Mayor Karin Wilson of Fairhope, Alabama, said in a message on social media that Groom died in that south Alabama town. “While he will be remembered for creating Forrest
Gump, Winston Groom was a talented journalist and noted author of American history. Our hearts and prayers are extended to his family,” Alabama governor Kay Ivey said.
Forrest Gump was the improbable tale of a slow-witted but mathematically gifted man who was a participant or witness to key points of 20th Century history - from Alabama segregationist governor George Wallace’s “stand at the schoolhouse door”, to meetings with presidents.
It was the best known book by Groom, who grew up in Mobile, Alabama, and graduated from the University of Alabama in 1965.
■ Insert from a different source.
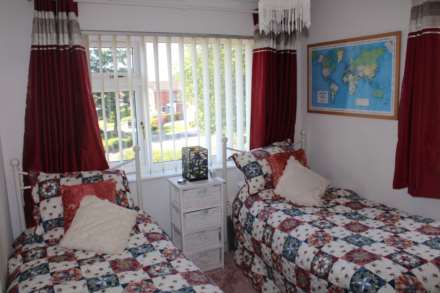 Amberwood, Chadderton, Oldham, OL9 9SG, Image 25
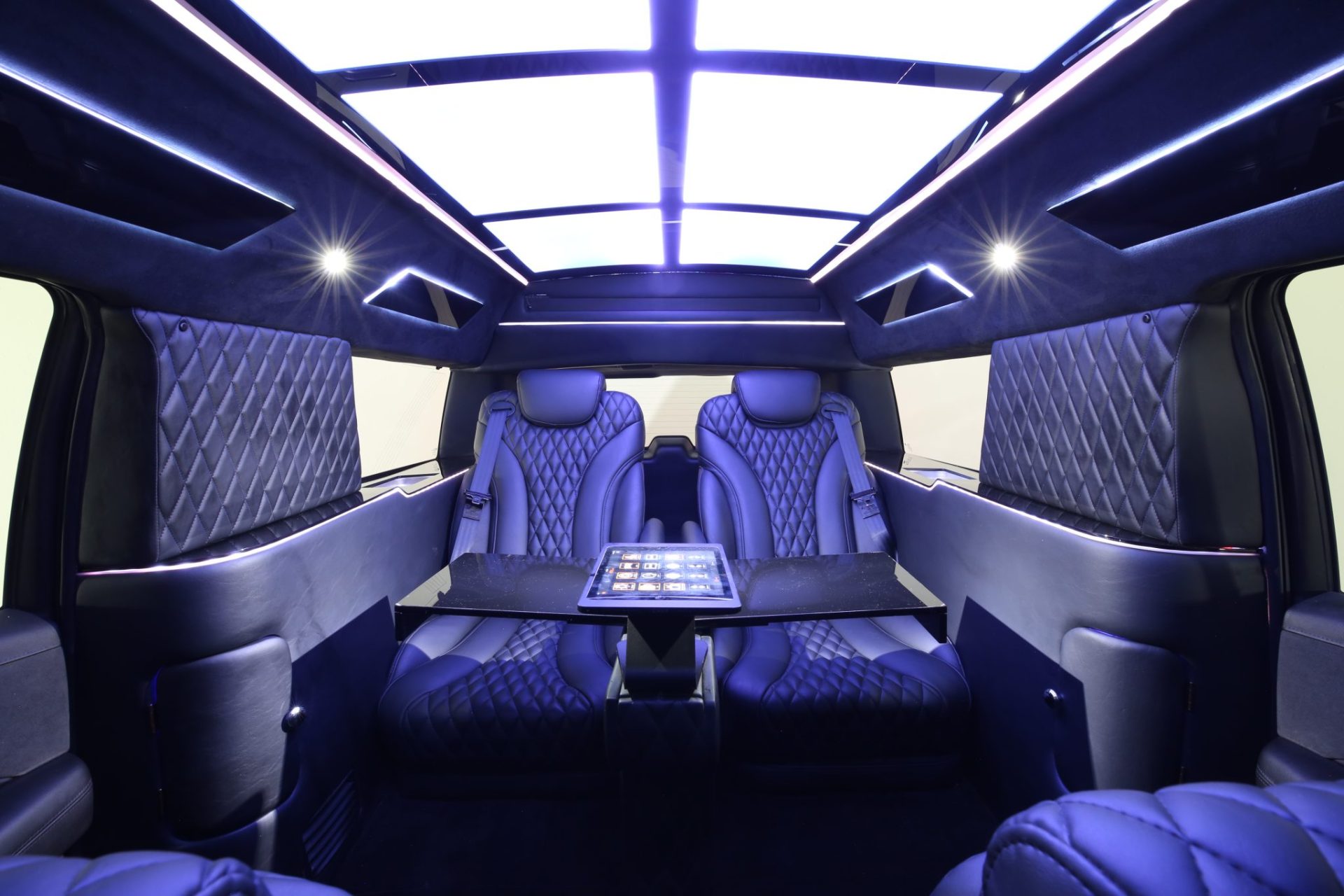 Cadillac Escalade ESV Limousine - Interior Photo #36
He wrote 16 books, fiction and non-fiction. One of them, Conversations with the Enemy, about an American prisoner of war in Vietnam accused of collaboration, was a Pulitzer Prize finalist.
It was Forrest Gump - and the success of the 1994 movie starring Tom Hanks in the iconic role of Gump, as well as
Sally Field and Gary Sinise - that earned him widespread fame and some financial success.
The movie became deeply embedded in the American psyche and has remained an enduring TV staple and huge cultural phenomenon since.
The film dominated the 1995 Academy Awards, winning six Oscars including best picture, best director for Robert Zemeckis and best actor for Hanks. It was 1994’s No. 2 grossing film at the box office, second only to The Lion King.